Hard Times For Superherodom

     “What do you mean?” I hear you say. Well, you know how tough it can be when a trade gets overpopulated. Think of America’s legal profession. Today there are more than one million lawyers in these United States. More than a lawyer for every three hundred Americans. There simply isn’t enough legal work to go around any longer. Quite a few lawyers are straining to make ends meet. Some of them have started suing one another, even though there’s no money in it, just to keep their skills sharp.

     That’s also the case with superheroes. Everybody and his halfwit uncle Herman is creating superheroes. We’re being deluged by steely-eyed, cleft-chinned crusaders and stunningly beautiful but romantically unavailable paragons of justice in Spandex.® There aren’t enough high-powered villains to keep them all occupied. Also, the most popular superpowers – super strength, super speed, and the ability to fly – are way oversubscribed, though that should be treated as a separate problem.

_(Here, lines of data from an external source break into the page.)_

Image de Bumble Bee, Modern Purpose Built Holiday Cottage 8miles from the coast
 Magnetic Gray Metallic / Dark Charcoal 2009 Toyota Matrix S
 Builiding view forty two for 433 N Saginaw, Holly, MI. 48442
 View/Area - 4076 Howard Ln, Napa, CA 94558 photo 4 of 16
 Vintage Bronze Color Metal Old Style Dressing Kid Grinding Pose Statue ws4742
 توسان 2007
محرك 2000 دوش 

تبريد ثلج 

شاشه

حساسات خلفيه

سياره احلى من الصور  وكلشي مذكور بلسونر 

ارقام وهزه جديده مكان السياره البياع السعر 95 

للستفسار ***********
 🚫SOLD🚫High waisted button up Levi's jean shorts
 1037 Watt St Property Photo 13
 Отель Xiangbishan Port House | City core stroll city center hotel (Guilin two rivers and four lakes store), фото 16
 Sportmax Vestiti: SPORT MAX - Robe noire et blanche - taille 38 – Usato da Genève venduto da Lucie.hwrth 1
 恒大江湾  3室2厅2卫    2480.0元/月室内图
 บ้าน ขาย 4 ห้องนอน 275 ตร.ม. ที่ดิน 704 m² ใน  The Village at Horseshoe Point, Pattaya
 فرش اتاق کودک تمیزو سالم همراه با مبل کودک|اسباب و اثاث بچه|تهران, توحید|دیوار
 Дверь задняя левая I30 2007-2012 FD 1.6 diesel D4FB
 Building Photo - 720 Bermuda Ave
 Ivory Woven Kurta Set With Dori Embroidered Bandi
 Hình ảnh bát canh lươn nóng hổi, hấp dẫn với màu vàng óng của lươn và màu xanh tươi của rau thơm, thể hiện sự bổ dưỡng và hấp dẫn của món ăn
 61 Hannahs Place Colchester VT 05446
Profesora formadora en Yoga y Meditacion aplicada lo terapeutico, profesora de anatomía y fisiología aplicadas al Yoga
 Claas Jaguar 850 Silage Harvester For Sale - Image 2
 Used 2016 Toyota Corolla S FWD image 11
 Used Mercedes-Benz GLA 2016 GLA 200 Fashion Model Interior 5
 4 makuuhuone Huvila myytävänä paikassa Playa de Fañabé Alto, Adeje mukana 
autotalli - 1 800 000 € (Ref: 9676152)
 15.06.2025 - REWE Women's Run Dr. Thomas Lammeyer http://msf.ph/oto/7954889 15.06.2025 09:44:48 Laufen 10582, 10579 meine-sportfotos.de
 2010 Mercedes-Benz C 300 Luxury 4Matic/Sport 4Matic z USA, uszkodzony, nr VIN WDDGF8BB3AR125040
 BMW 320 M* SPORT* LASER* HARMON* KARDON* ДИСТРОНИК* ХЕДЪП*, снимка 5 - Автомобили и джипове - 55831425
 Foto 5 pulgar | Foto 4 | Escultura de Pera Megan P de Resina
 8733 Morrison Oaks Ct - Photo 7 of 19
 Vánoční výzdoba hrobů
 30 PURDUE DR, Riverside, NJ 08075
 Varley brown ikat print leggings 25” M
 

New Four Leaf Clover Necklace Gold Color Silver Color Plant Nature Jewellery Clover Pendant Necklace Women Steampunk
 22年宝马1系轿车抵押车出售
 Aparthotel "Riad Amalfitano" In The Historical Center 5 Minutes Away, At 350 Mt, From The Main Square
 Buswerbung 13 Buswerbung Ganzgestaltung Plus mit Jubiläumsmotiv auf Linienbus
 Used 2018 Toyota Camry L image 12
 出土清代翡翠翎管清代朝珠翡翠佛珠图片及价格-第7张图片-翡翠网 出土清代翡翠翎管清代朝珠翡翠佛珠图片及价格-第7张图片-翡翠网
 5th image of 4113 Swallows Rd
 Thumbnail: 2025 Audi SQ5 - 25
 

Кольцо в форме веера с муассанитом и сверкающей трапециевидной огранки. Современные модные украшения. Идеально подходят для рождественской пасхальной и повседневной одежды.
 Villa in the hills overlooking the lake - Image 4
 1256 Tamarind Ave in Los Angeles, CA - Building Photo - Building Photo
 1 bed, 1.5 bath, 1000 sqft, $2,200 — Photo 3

     We need a solution. The carnivals can’t absorb any more strongmen. FedEx and UPS have stopped hiring the speedsters, though the suit just filed by the Postal Service might have something to do with that. The flight lanes are getting dangerous; not all airliners have radar good enough to avoid colliding with a superhero who’s just cruising around to pass the time. (Their costumes are hell on jet engines.) Unoccupied superheroes have been seen gathered on street corners and perched on tenement stoops, swapping tales of their derring-do between sips from bottles in brown paper bags. Given the glut, it won’t be much longer before our welfare offices are overrun with brawny adventurers and shapely crimefighters in capes and tights. But where is a remedy to be found?

     It’s bad out there, Gentle Reader. I’ve prattled about the militarization of police forces in the past, but back then I had no idea how the expansion of their capabilities would impact the agendas of America’s superheroes. What’s worse, there’s no export market for them, even at companies that pay substandard wages, offer poor benefits, and provide no paid sick leave. Just one more consequence of automation, I suppose.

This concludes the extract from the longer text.